Men in Black 3 (USA/UAE 2012)

men-in-black-3Nach 10 Jahren Dienstruhe sind die „Men in Black“ wieder im Einsatz. Und diesmal steht nicht weniger als das Schicksal der gesamten Menschheit auf dem Spiel. Oder doch schon wieder? Der Gefahrenherd ist ohnehin nicht der relevanteste Part dieses turbulenten Science-Fiction-Abenteuers, bei dem es Agent J (Will Smith, „I Am Legend“) in die Vergangenheit verschlägt. Nach dem schwachbrüstigen (und lückenhaften) Plot des zweiten Teils wirkt dieser Ansatz erfreulich originell und zudem mit zahlreichen liebevollen Ideen und Anspielungen versehen. Denn wer hätte nicht längst geahnt, dass Andy Warhol nur ein Undercover-Agent des Polizeiapparates zum Schutz vor außerirdischen Verbrechern war?

Die anfänglichen Probleme Js resultieren aber eher aus der bärbeißigen Verschlossenheit seines Partners K (Tommy Lee Jones, „No Country for Old Men“).
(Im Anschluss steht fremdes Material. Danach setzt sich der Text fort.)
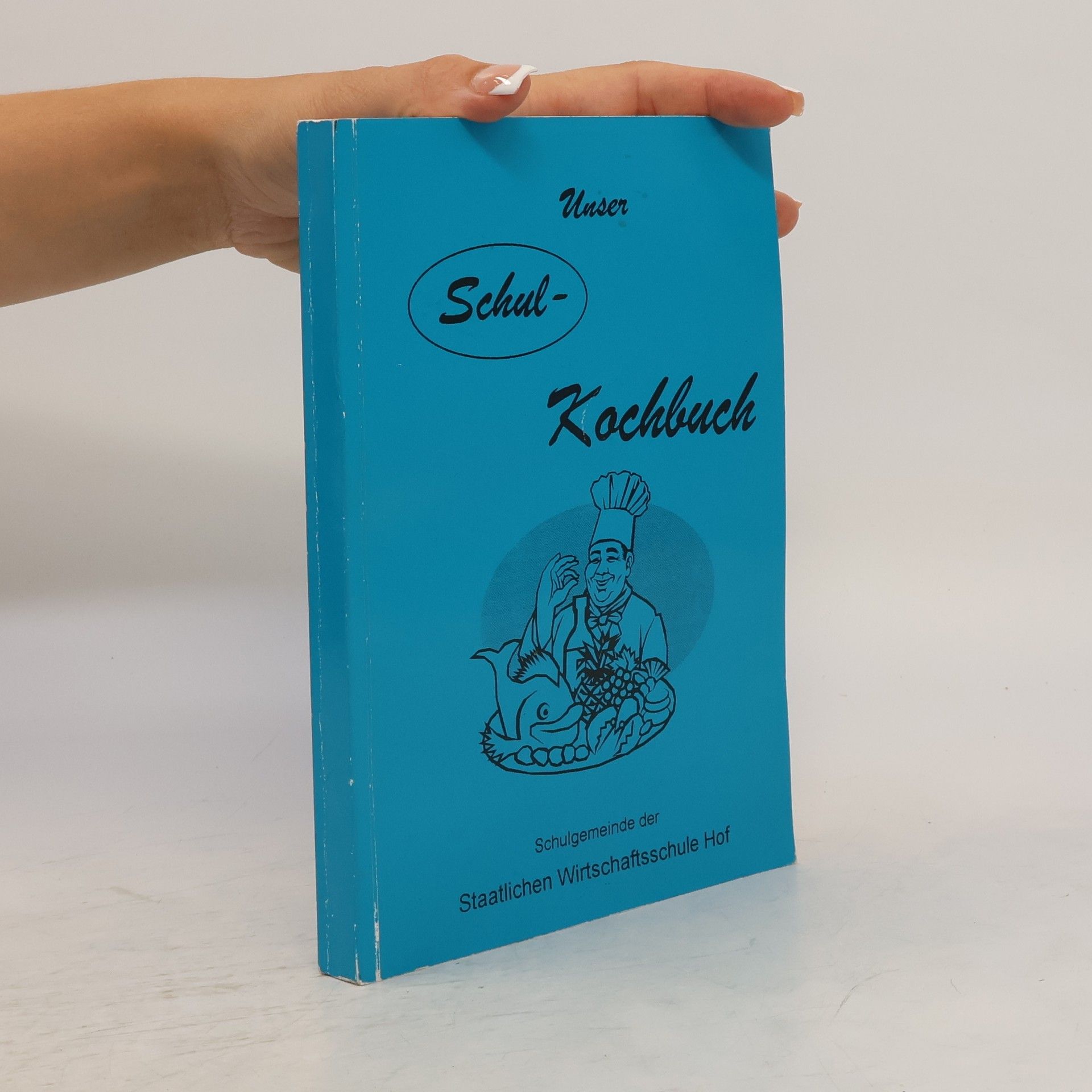 Autorenkollektiv Unser Schul- Kochbuch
Gefühle zeigen ist jedenfalls auch im zunehmenden Alter nicht sein Steckenpferd. Dabei ist doch so offensichtlich, dass ihn und die neue Chefin O (Emma Thompson, „Eine zauberhafte Nanny“) mehr verbindet als die bloße Kollegialität. Aber es gibt Angelegenheiten, die dringendere Zuwendung erfordern. So ist Boris the Animal (Jemaine Clement, „Flight of the Conchords“), letzter Vertreter einer kriegerischen Alien-Rasse, aus einem Hochsicherheitsgefängnis auf dem Mond ausgebrochen.

1969 verhinderte K durch die Implementierung eines Schutzschildes um die Erde die Invasion durch Boris‘ Volk und schoss dem Schurken obendrein einen Arm ab. Dessen Rachegelüste führen durch die Veränderung der Vergangenheit dazu, dass J eines Morgens einen ihn unbekannten Partner vorfindet. K selbst ist beim Kampf gegen den Unhold bereits Jahrzehnte zuvor ums Leben gekommen, ehe er die Invasion der außerirdischen Aggressoren abwehren konnte. Kurz bevor diese nun in der Gegenwart nachgeholt wird, begibt sich J selbst auf Zeitreise und paktiert mit Ks jüngerem – aber keinesfalls weniger knarzigem – Ich (Josh Brolin, „W.“), um Boris‘ Pläne zu durchkreuzen.

Smiths Auftreten mag bisweilen zu betont lässig wirken und auch längst nicht jeder Dialogwitz trifft gleichermaßen ins Ziel. Trotzdem ist „Men in Black 3“ eine liebevoll ausgestattete Genre-Posse mit launigen Darstellern und starken Tricks. Js Anpassungsschwierigkeiten an die 60er-Jahre sorgen nicht allein aufgrund seiner Hautfarbe für politische Seitenhiebe und Michael Stuhlbarg („A Serious Man“) macht als in die Zukunft schauendes Alien Griffin eine erinnerungswürdige (Neben-)Figur. Am Ende trifft Regisseur Barry Sonnenfeld („Schnappt Shorty“) auch melancholische Töne, wenn ein Blick auf Js Kindheit einen Kreis schließt, der das Verhältnis zu K in einem deutlich emotionaleren Licht erscheinen lässt. Ein insgesamt sehenswerter Blockbuster mit Witz und Blitzdings.